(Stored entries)
---
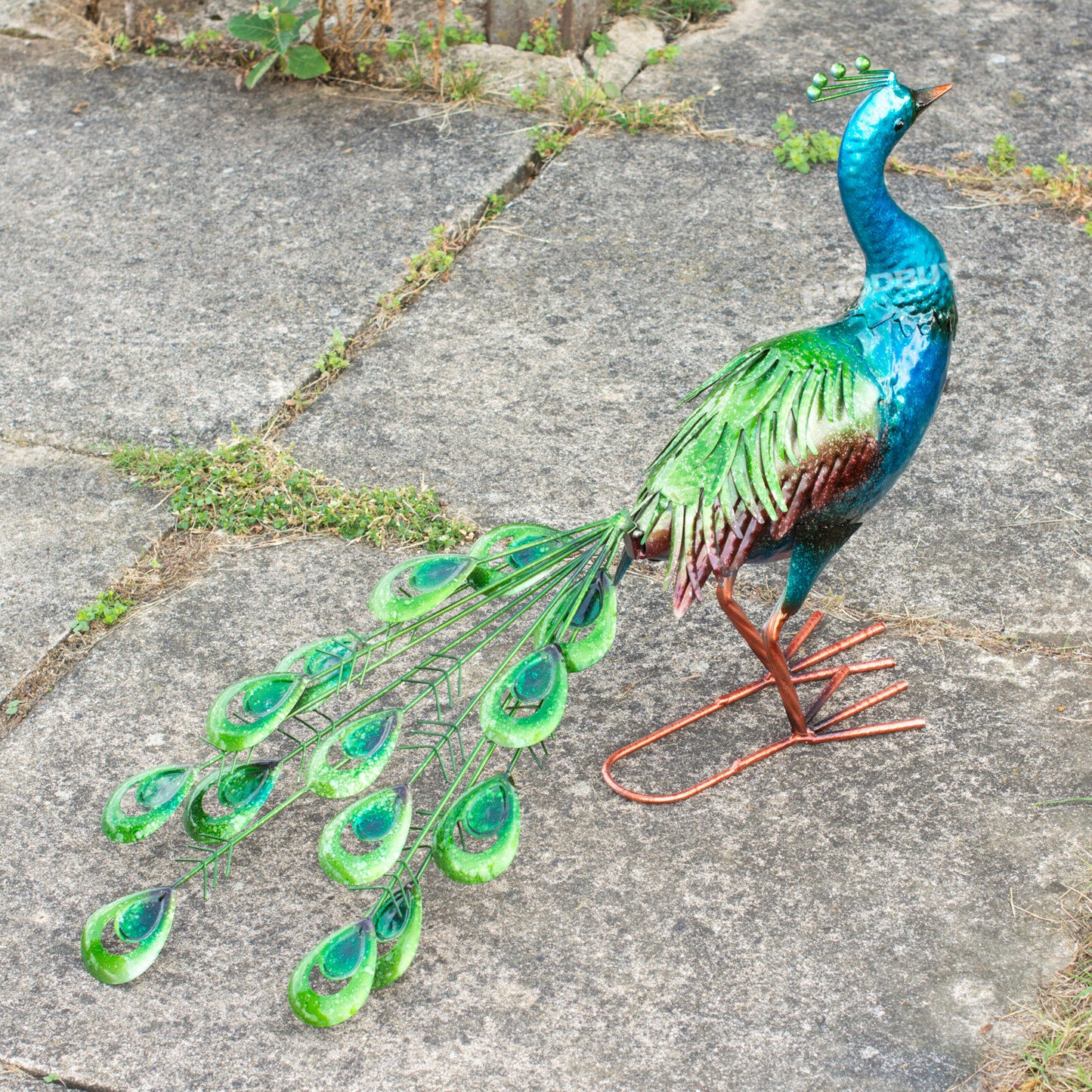 Large Exotic Peacock Metal Garden Ornament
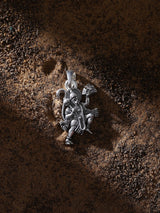 Lord Hanuman Sanjivani Mountain Vintage Silver Pendant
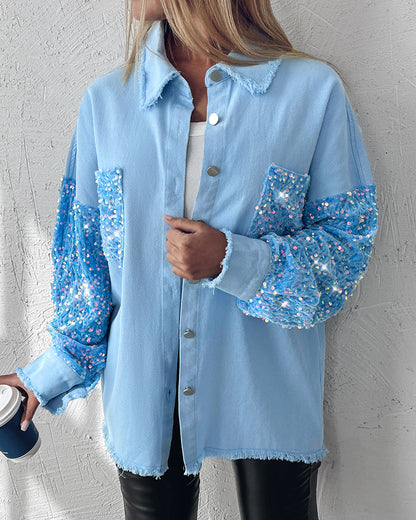 Casual Jacket Sequin Patchwork Long Sleeve Jacket Top Button Front Raw Hem Oversized Denim Shacket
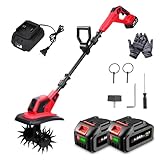 ONEVAN Gartenfräse Akku, Motorhacke Elektrisch mit 2 4.0Ah Akkus, 16 cm...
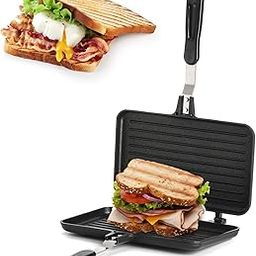 Sandwich Maker, Grilled Sandwich Maker and Panini Pot, with Nonstick Plates and Handle, Stove Toast Sandwich Maker, Aluminum Flip Pot, for Home Kitchen, Cookware Equipment-28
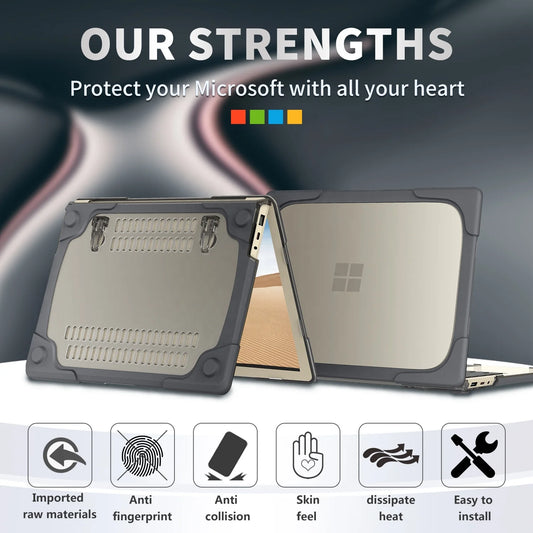JMT-110474 Shockproof TPU PC Hard Shell Case with Fold Kickstand for Microsoft Surface Laptop Go 12.4 Inch 1943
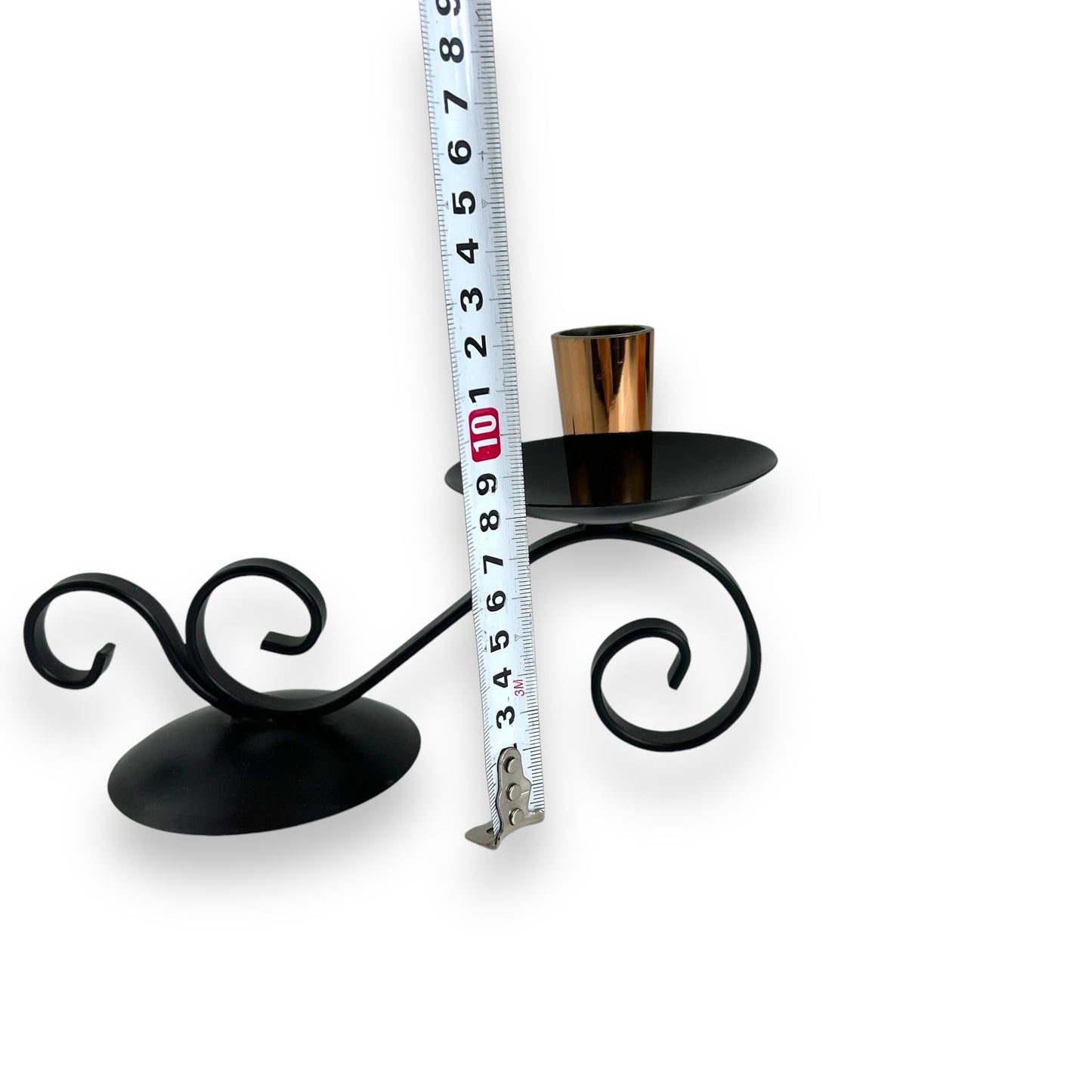 Black & Copper Metal Swirl Candlestick Holder
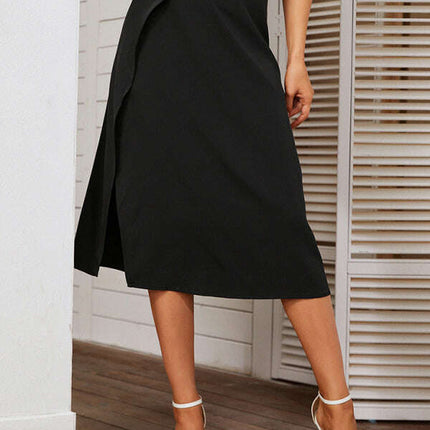 Women's slit simple solid color midi skirt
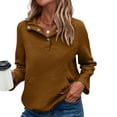 thumbnail image 2 of Yuhangmm Women Hoodies Long Sleeve Hoodless Sweatshirt Casual Crewneck Pullover Soft Comfortable Blouse Top for Everyday Style Coffee M, 2 of 7
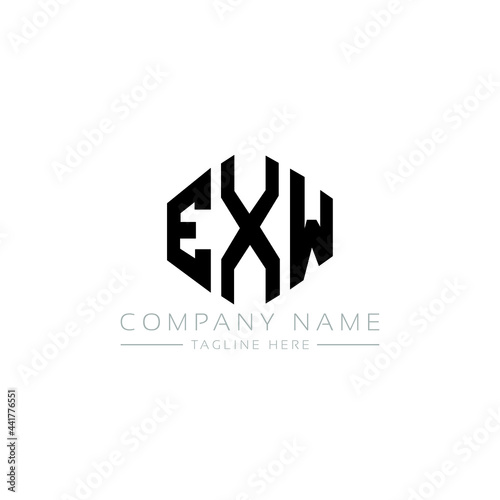 EXW letter logo design with polygon shape. EXW polygon logo monogram. EXW cube logo design. EXW hexagon vector logo template white and black colors. EXW monogram, EXW business and real estate logo.  photo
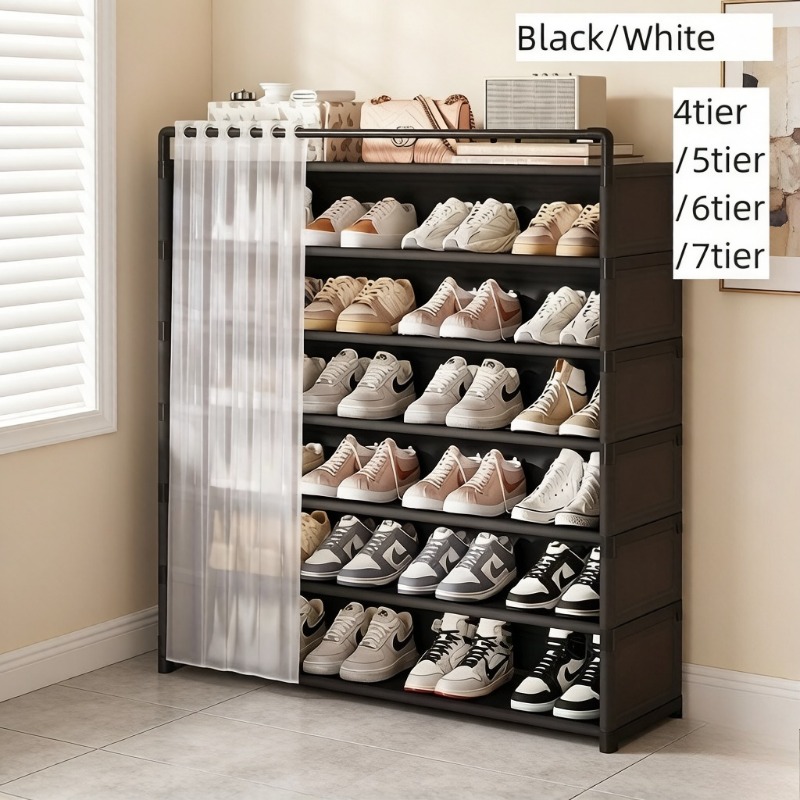 Estante Plegable para Zapatos a Prueba de Polvo con Base Antideslizante, Estante de Almacenamiento Multicapa para Zapatos y Accesorios, Fácil de Limpiar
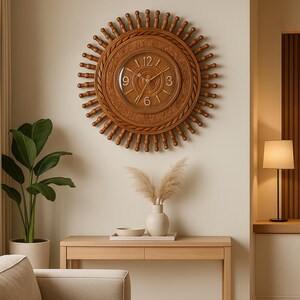 Large Rustic Silent Wooden Wall Clock – Farmhouse Style Handmade Non ...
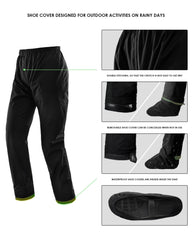 IRON JIA'S rain suit high-visibility reflective strips keep riders seen at night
---
Your goal:
Give back exactly the lines from the one containing "Estante Plegable para" to the final line of the entries, both included, and no picture.

Answer for this exercise:
 Estante Plegable para Zapatos a Prueba de Polvo con Base Antideslizante, Estante de Almacenamiento Multicapa para Zapatos y Accesorios, Fácil de Limpiar
 Large Rustic Silent Wooden Wall Clock – Farmhouse Style Handmade Non ...
 IRON JIA'S rain suit high-visibility reflective strips keep riders seen at night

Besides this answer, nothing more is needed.